Just a side note…pound for pound oak is stronger than steel.
go to the lumber yard is good advice.
Have any new oak dried before using it.

Thanks dfletcher, I was going to calculate what load the standard materials would have done per required code and then size the oak accordingly.

To my knowledge, none of this house was built with dry oak… had to be wet to drive the 1/4” shanked by 6” spikes (no idea what “penny” they’d be) through it where the joist are overlapped. Same with the 16s and 20s that were used all over. I believe in the old days (1907 for this place) they built with green and let the framing dry in place. If I anchor the ends of the beams as I mentioned, any twist will be minimized, I think anyway.

I’ll be asking at a different time on re-anchoring the roof sides at the eaves. Raised leaded seam roof is original and in general in good condition. None of today’s roofs will ever hold up a hundred years like this has, (except where some fool drove a nail through it, that comes out after 25 years and creates a leak that otherwise would not have been there!). If the roof is maintained this old house will last forever.

Thanks, Dave

My local building department required a PE’s stamp on all calcs that weren’t prescriptive by standard load tables, and I’m not sure how you’d get a piece of wood engineering stamped, but if you’re just trying to be safe and not trying to get an inspector to buy off on it:

The American Hardwood Export Council suggests that the modulus of elasticity for Red Oak is between 12,549 MPa and 15,721 MPa. Multiply 12549 by 145.037738 to get PSI, or 1820078.

I’m too lazy to go back to my calculus, so we’ll just use the approximation and say that the moment of inertia of a solid wood beam of <= 12” is width × width × height / 6, or, in this case 8 × 8 × 12/6 = 128.

Joists meeting across a 24’ span says you’ve got… uh… I dunno, lump live and dead load together and call it 40 lb/sq.ft on a second floor, or 480 lbs/ft of beam (because that load is supported on the sides, too)? Or 40 lbs/in,

I can then put a bunch of load numbers into a calculator like this one, and I think, if I’m entering the numbers right, that’s claiming 1.62” of deflection. My gut feel says that’s pretty high, on the other hand 480 lbs/ft on a nearly 14’ span is significant. At any rate, not nearly the l/360 sort of limit that my city’s building department would want to see…

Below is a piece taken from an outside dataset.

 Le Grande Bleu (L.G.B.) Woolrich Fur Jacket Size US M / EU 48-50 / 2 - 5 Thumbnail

(And if I were getting paid for this I’d spend the time to go back and double-check the assumption that the “y” in that calculator is half the beam depth, and probably actually do the calcs myself rather than trusting someone’s random JavaScript…)

I’d be tempted to build a box beam around a steel I beam and let the steel supplier do the engineering calcs for me…

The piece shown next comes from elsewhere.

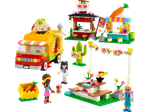 Конструктор Лего Френдс Рынок уличной еды | LEGO Friends Street Food Market 41701 игровой набор, 592 детали (6+)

-- Dan Lyke, Petaluma California, http://www.flutterby.net/

I believe an architect has the PE stamp that you need. They are engineers too.

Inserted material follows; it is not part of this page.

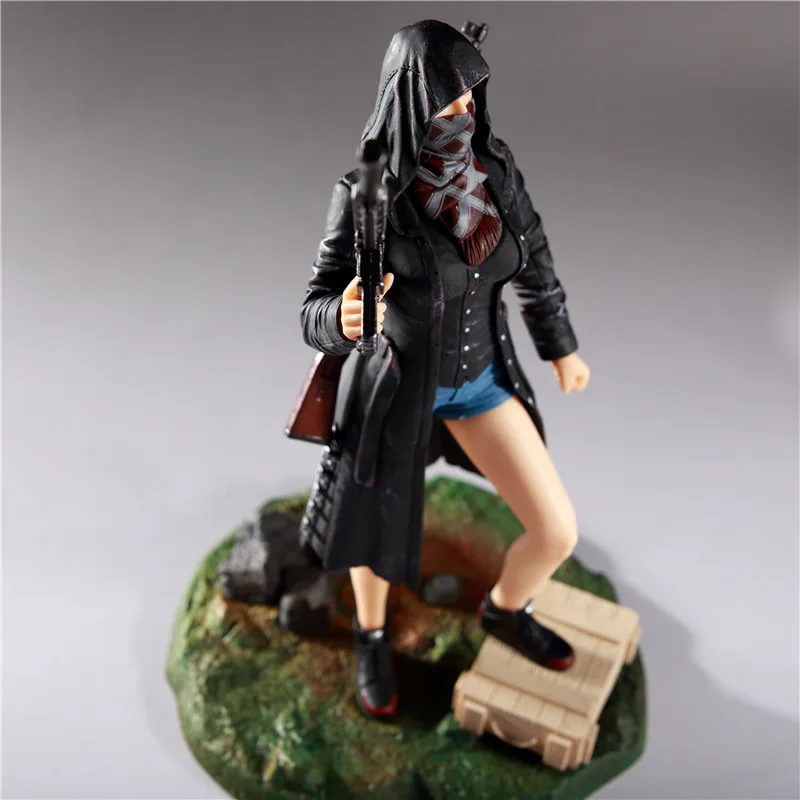 Player Unknown s Battle Grounds PUBG Model Doll PVC 24cm Game Figurine Action Figure Winner winner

The architect I talked to for my workshop was not a Professional Engineer. He was very helpful on some fronts, but sent me down some rather mundane paths on other fronts. My general impression (and this is coming from the sort of person who will dive into a question like this with an answer like you see above, so take that with the appropriate grain of salt) is that the PEs are the people who really understand the trade-offs and options at a level that’s interesting to me, and generally take a concept from the architects and say “okay, now here’s what you can actually build from that vision”.

-- Dan Lyke, Petaluma California, http://www.flutterby.net/

Hello Dan…

Thank you for your kind workup… but upon working that calculator I believe it has issues. I located another and a neat book on beam design as well as other floor joist, column supports etc. and the tech spec on a whole host of species. Its called “Wood Structural Design Data” by American Forest and Paper Association. its located at http://www.awc.org/standards/wsdd.html if anyone is interested. A calculator is there too.

The design of this house… has the center support foundation and 1st floor center support walls carrying just under 3/4s of the roof structure down through the high knee walls to mid span on the second floor joists which then divides it in half to each end of its span… translates to the center support wall carrying in the neighborhood of 11000 lbs accross the 13’8” beam span. That’s quite a bit more than the average – I think. So yes, its imperatively critical to build to spec. Any deflection also translates clear up to the roof peak… on essentially 1/2 the house’s length.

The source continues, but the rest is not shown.